The Failure to Find Iraqi Weapons
The New York Times | Editorial
Friday 26 September 2003
This page did not support the war in Iraq, but it never quarreled with one of its basic premises. Like President Bush, we believed that Saddam Hussein was hiding potentially large quantities of chemical and biological weapons and aggressively pursuing nuclear arms. Like the president, we thought those weapons posed a grave danger to the United States and the rest of the world. Now it appears that premise was wrong. We cannot in hindsight blame the administration for its original conclusions. They were based on the best intelligence available, which had led the Clinton administration before it and the governments of allied nations to reach the same conclusion. But even the best intelligence can turn out to be mistaken, and the likelihood that this was the case in Iraq shows why pre-emptive war, the Bush administration's strategy since 9/11, is so ill conceived as a foundation for security policy. If intelligence and risk assessment are sketchy — and when are they not? — using them as the basis for pre-emptive war poses enormous dangers.

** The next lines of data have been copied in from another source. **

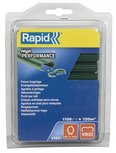 Pinzatura rapida VR22 con rivestimento verde 1100 pezzi Pinzatura rapida VR22 con rivestimento verde 1100 pezzi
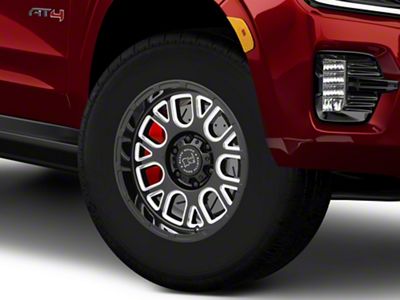 Black Rhino Pismo Gloss Black Milled 6-Lug Wheel; 18x9.5; -18mm Offset (21-25 Yukon)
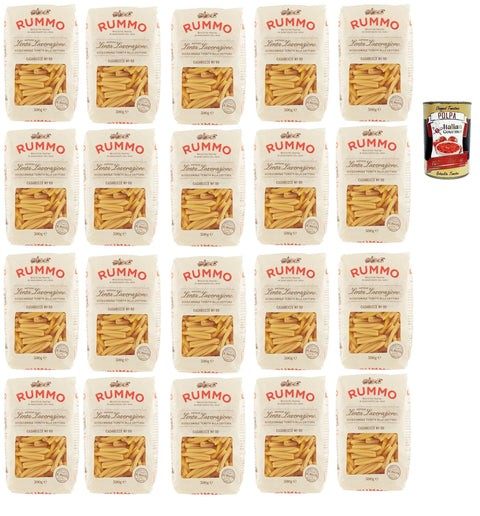 Rummo Internationale Nudeln Rummo Casarecce n° 88 Pasta Lenta Lavorazione Teigwaren aus Hartweizengrieß Bronze-Zeichnung 20x 500g + Italian Gourmet polpa 400g 8008343200882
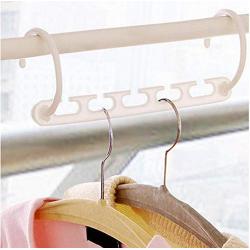 10PC Mult-Function Space Saving Hanger Plastic Cloth Hanger Hook Magic Clothes Hanger with Hook Closet Organizer Home Decoration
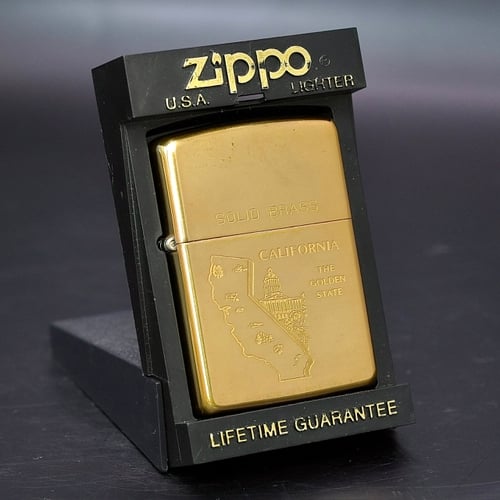 ZIPPO XƯA 32-90 - HÀNG XƯA THẬP NIÊN 90s _ CHỦ ĐỀ THE GOLDEN STATE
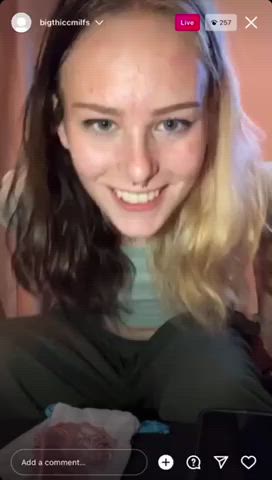 Flashing Vibrator White Girl gif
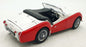 Kyosho 1/18 Scale Diecast DC141124T - Triumph TR3A - Red/White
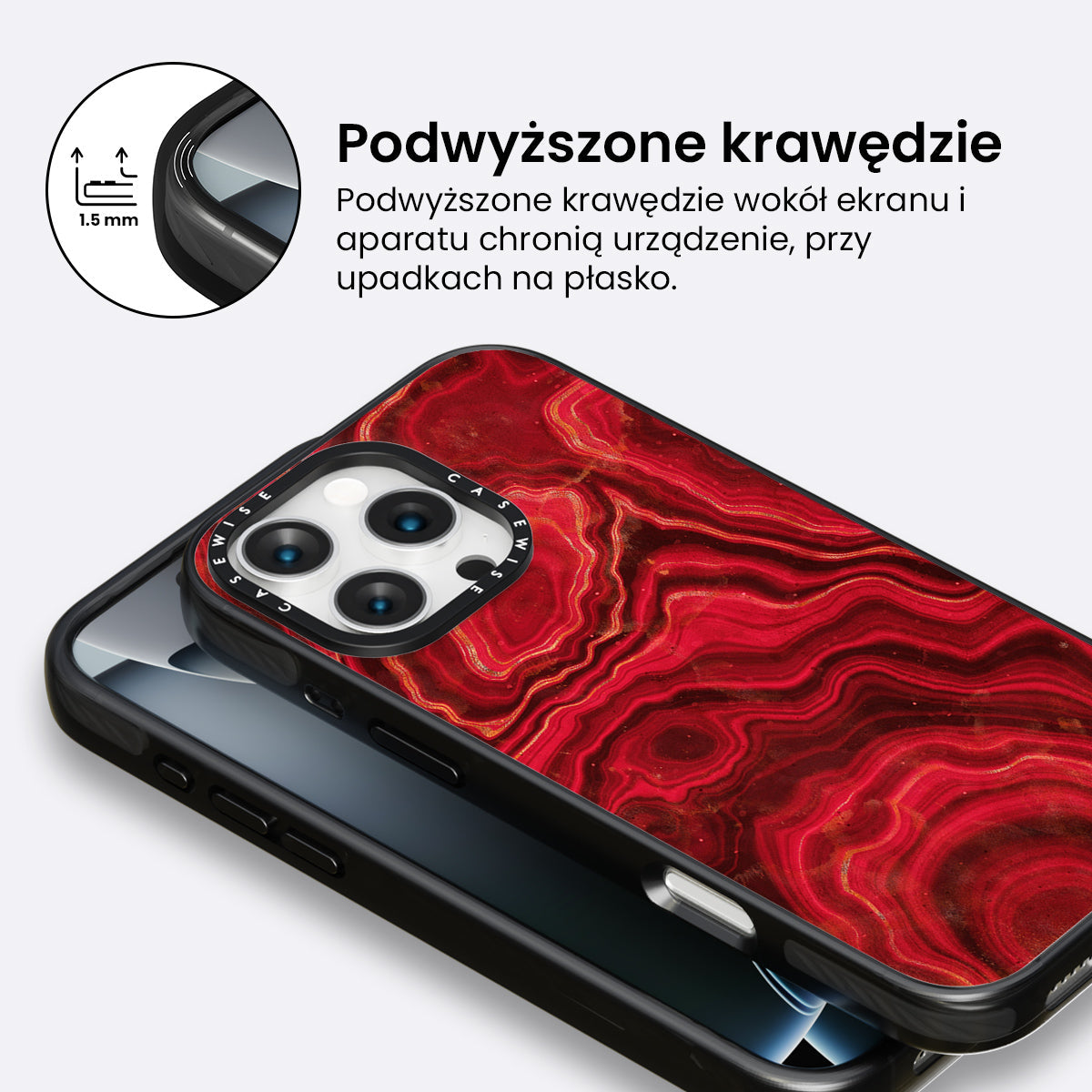 Red Agate Texture 02 - Etui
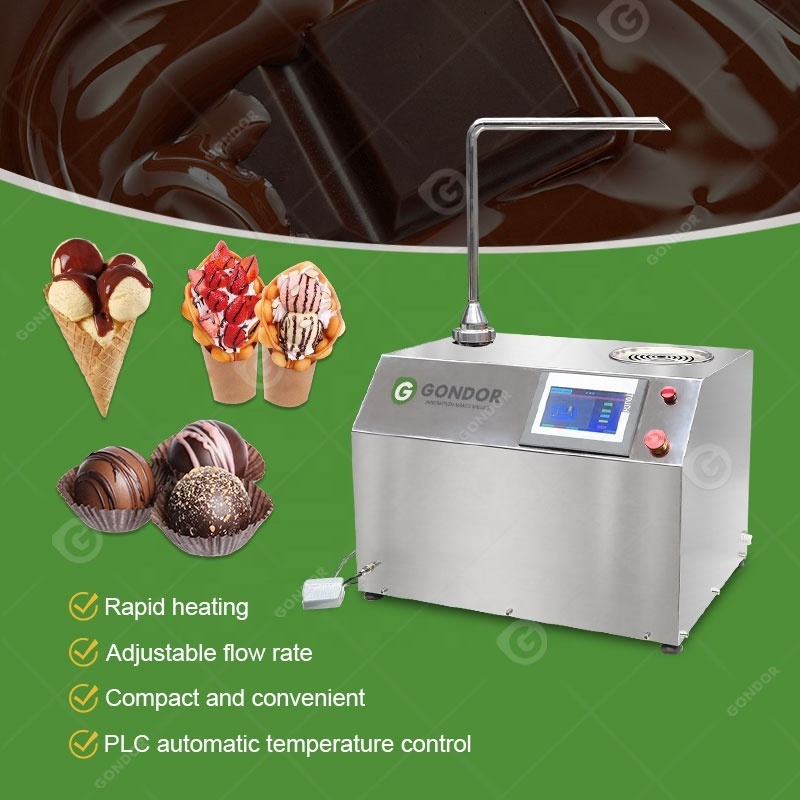 Tabletop Melting Electric Automatic Maker Melter Temper Tap Hot Machine Chocolate Dispenser of Chocolate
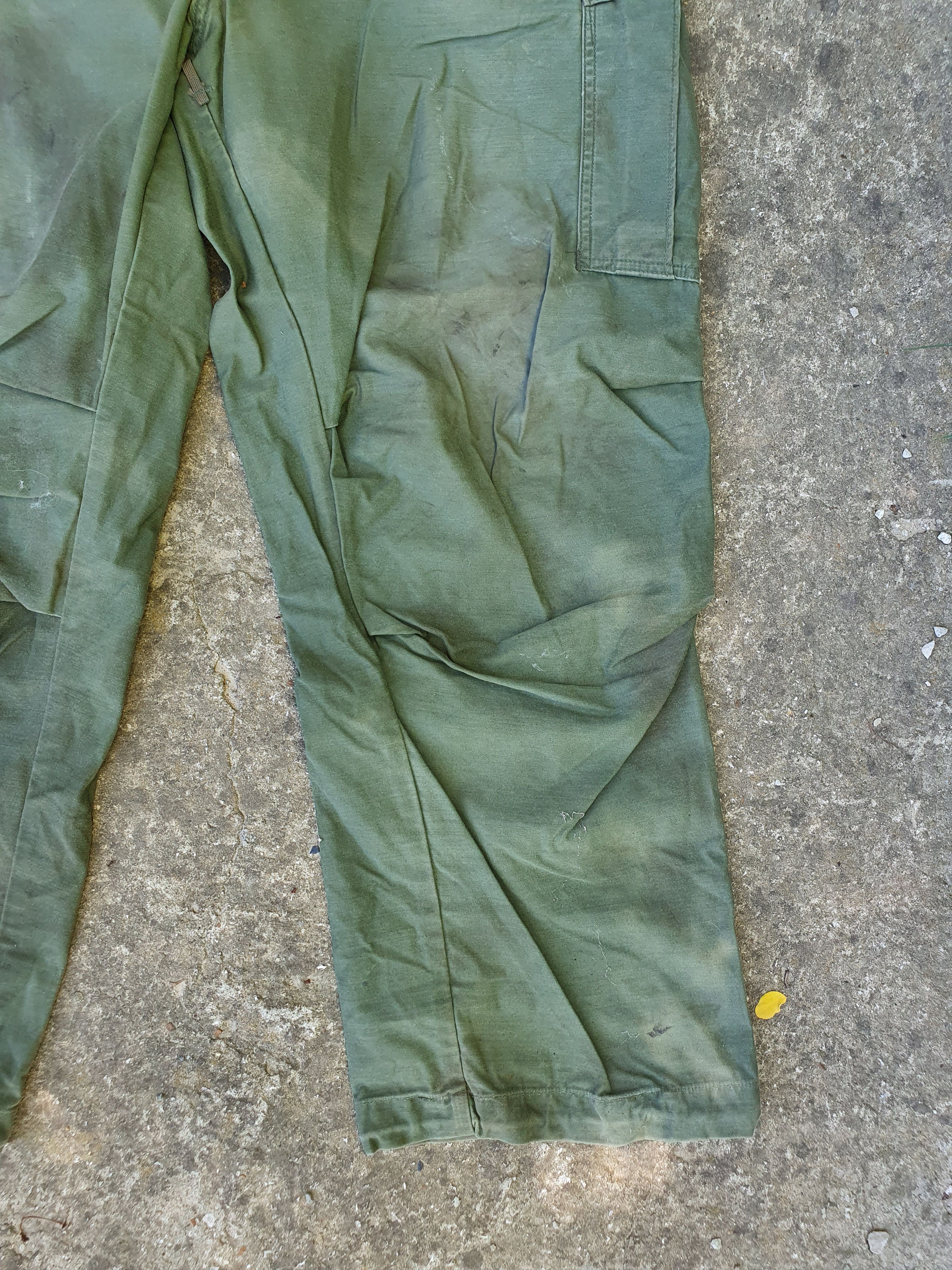 Other Rare 70s Destroyed Aesthetic Military Cargo Vintage Pants Size US 36 / EU 52 - 8 Thumbnail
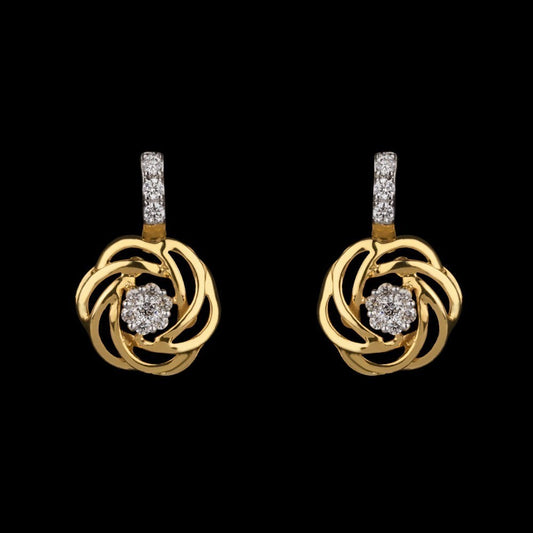 14K Yellow Gold Diamond Earrings - 0.26ct VS-GH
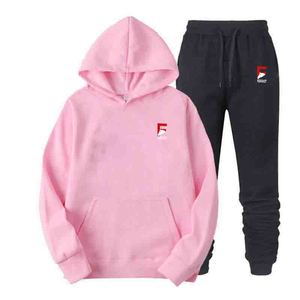 Ensemble de survêtement de sport pour homme, automne 2025, sweat à capuche, pantalon de sport slim, respirant, séchage rapide, logo brodé personnalisé - Product Image 4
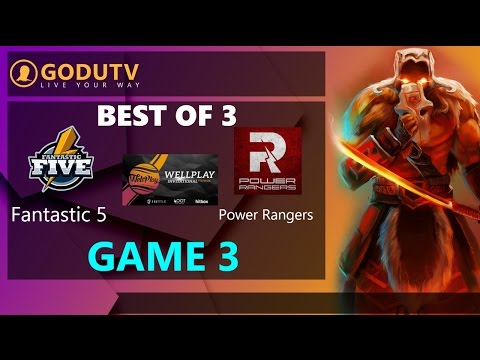 Wellplay Invitational #4 -  Vietnamese Stream | Fantastic Five vs Power Rangers - Game 3 | GoDuTv.vn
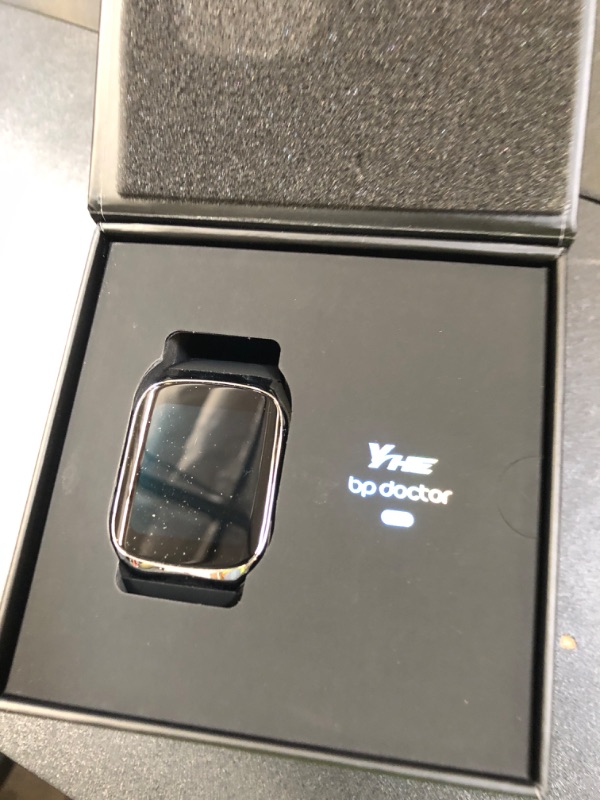 Photo 1 of YHE BP Doctor Med, Blood Pressure Smartwatch with Dual Patented Cuff, Wrist BP Monitor 24/7 Stress Monitoring Sleep & Sports Tracking App for Android & iOS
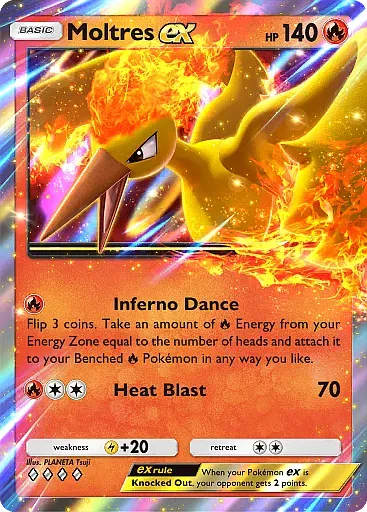 Moltres EX card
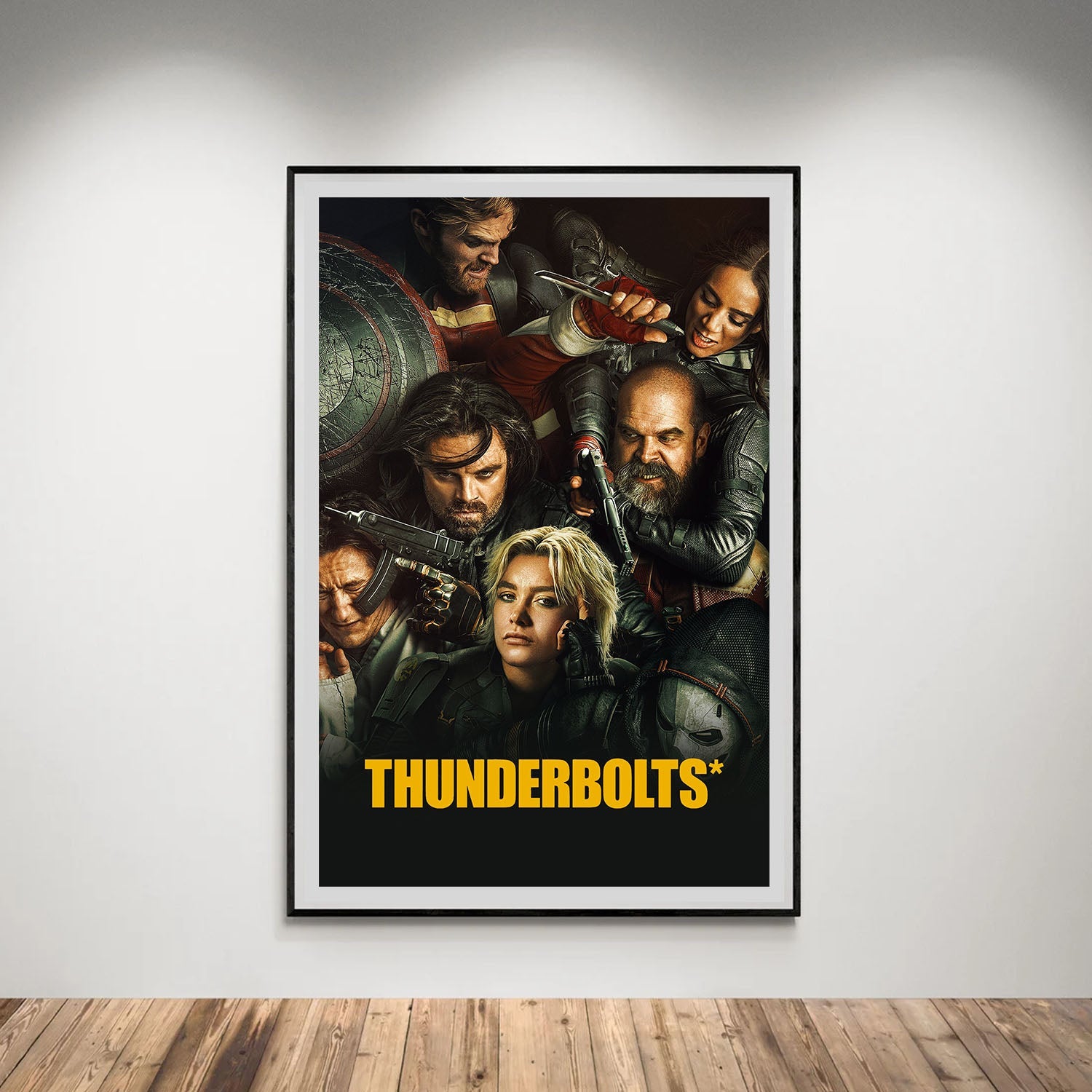 Flex Designs Poster Thunderbolts 5 x 7" Home Goods - Movie 2025 Movie Poster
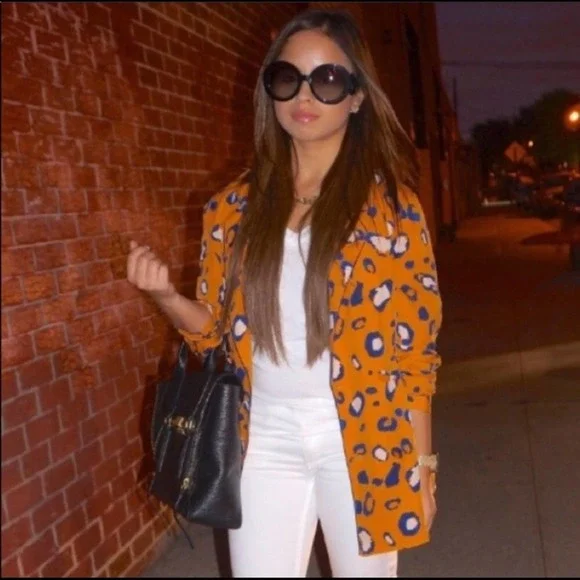 NWOT 3.1 Phillip Lim leopard print lightweight blazer top - Picture 4 of 12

A draft of an interim report by David Kay, the American leading the hunt for banned arms in Iraq, says the team has not found any such weapons after nearly four months of intensively searching and interviewing top Iraqi scientists. There is some evidence of chemicals and equipment that could have been put to illicit use. But, to the chagrin of Mr. Bush's top lieutenants, there is nothing more.
It remains remotely possible, of course, that something will be found. But Mr. Kay's draft suggests that the weapons are simply not there. Why Mr. Hussein did not prove that when the United Nations demanded an explanation remains a puzzle. His failure to come clean strengthened the conviction that he had a great deal to hide. His history as a vicious tyrant who had used chemical weapons in war and against his own people lent credence to the fear that he could not be trusted with whatever he was holding and would pose a significant threat.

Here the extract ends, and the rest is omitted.